Rodrigo estava ofegante quando parou debaixo do viaduto da Avenida 23 de Maio. O suor lhe minava da testa.
-Que merda cê fez lá cara?- indagou Pedrosa saindo das sombras, uma carranca estampada na face cinzenta. –cê ferrou
tudo seu cuzão!!
-Me desculpem- murmurou Rodrigo cabisbaixo, com uma mão apoiando o corpo numa das vigas do viaduto, tentando
recuperar o fôlego. –A mina se virou e me encarou, daí tentei pegar o telefone, mas ele escorregou da minha mão e...
-Esquenta não primo- começou Lora, se aproximando dele, acendendo um cigarro. –A gente volta lá e consegue meter
a fita noutro otário.
Passava pouco das 16 horas. O sol começava a mudar de cor, lançando seus raios avermelhados pelas ruas e prédios.
Pedrosa e seus amigos estavam de volta na Praça da Sé, observando o movimento.
As pessoas passavam apressadas em seus carros ou a pé enquanto outras, angustiadas, esperavam pelos ônibus nos
pontos.
A turma sondava os pontos, quando Pedrosa olhou para uma das paradas de ônibus do outro lado da rua e viu algo que
lhe causou um arrepio nas costas.
No ponto de ônibus havia quatro pessoas, eram elas: um cadeirante já idoso com um jornal dobrado repousando sobre
seu colo, dois homens altos, magros vestindo ternos pretos, conversando animadamente e uma mulher estranhamente magra e
de pele muito clara, aparentava ter uns 40 anos. O que chamou a atenção do marginal foi o grande celular que ela segurava com
um desenho de uma maçã mordida na parte de trás.
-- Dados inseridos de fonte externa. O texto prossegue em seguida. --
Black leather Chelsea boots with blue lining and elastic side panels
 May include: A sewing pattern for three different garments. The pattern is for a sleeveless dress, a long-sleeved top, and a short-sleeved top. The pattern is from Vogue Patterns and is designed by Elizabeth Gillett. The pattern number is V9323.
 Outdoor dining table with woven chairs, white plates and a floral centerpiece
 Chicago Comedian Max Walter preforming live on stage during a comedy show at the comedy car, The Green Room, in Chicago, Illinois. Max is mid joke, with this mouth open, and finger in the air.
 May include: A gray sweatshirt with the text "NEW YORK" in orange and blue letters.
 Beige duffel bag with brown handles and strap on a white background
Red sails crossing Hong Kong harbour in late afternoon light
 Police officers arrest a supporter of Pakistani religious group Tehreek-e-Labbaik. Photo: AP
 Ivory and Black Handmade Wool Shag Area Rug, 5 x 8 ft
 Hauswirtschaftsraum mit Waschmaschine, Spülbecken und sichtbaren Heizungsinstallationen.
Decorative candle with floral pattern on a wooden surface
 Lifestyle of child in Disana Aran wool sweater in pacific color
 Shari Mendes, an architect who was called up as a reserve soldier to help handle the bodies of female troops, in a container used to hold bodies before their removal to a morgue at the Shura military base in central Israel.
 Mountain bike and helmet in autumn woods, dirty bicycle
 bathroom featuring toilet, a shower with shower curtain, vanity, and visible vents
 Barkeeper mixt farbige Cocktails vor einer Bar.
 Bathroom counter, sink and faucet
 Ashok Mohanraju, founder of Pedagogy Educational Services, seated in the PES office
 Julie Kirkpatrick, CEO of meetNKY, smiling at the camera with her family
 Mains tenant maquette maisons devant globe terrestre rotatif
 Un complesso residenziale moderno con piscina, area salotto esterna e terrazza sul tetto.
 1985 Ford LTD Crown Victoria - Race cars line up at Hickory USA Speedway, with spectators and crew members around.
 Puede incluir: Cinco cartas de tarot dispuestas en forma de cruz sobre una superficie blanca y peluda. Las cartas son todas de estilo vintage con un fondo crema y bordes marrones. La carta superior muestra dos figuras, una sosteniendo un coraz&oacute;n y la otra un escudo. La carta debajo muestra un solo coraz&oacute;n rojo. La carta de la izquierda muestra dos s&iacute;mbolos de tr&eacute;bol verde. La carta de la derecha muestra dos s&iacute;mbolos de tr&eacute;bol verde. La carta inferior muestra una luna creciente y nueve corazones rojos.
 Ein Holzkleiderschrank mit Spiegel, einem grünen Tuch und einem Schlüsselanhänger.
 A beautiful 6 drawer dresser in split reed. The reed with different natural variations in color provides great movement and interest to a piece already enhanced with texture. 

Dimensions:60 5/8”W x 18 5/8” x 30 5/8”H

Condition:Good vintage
Pedrosa sabia que aquele celular valeria uma fortuna. Se não fosse pelos dois homens, com certeza teria o surrupiado
da pobre mulher ali mesmo no ponto, mas seria arriscado. Valia a pena esperar ela entrar no ônibus e quem sabe tivesse sorte
de efetuar o furto pela janela como era de costume.
Entre um cigarro e outro, inquieto, Pedrosa ficou esperando. Mais adiante Lora e Rodrigo o observavam, já haviam
entendido o que ele planejava fazer.
Não levou cinco minutos para que um ônibus vermelho aparecesse e a mulher erguer o dedo e em sinal para que
parasse.
O ônibus parou no ponto, a mulher embarcou, seguida dos dois homens, então o cobrador acionou o elevador do
veículo e ajudou o cadeirante a embarcar também.
Pedrosa viu a mulher magra, de cabelos pretos e ralos passar o cartão e rodar a catraca, em seguida se sentou numa
cadeira ao lado da janela e retornou a digitar no telefone.
Pedrosa não viu mais nada, como se tudo estivesse borrado, a não ser a mulher com o telefone na mão, ao lado da
janela totalmente aberta, esperando por seu bote.
Como um felino, Pedrosa andou sorrateiramente em direção ao ônibus, pronto para dar o seu melhor bote.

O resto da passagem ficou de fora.